Starting source PostgreSQL

There are various ways to start PostgreSQL as a test dependency. Here is a list of the most common ones:

Testcontainers

You can start PostgreSQL as a test rule using Testcontainers. It has a Postgres Module that has a pre-configured rule to use out of the box. However, it requires additional configuration for the Write Ahead Log (WAL) level, and it has to be set to logical.

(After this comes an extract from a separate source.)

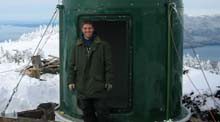 guy in green jacket outside of a green metal cylindrical structure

Below is a sample rule configuration:

PostgreSQLContainer("postgres:12.6-alpine")
.withCommand("postgres", "-c", "fsync=off", "-c", "wal_level=logical")

Docker image

You can start PostgreSQL as a Docker image as part of the test set-up or the environment set-up. The requirement for WAL level applies here as well. Below is a sample command to start PostgreSQL image:

docker run -tid -p 5432:5432 -e POSTGRES_PASSWORD=docker -e PGDATA=/tmp postgres:12.6-alpine -c wal_level=logical

Standalone process

You can install and start PostgreSQL during environment set-up.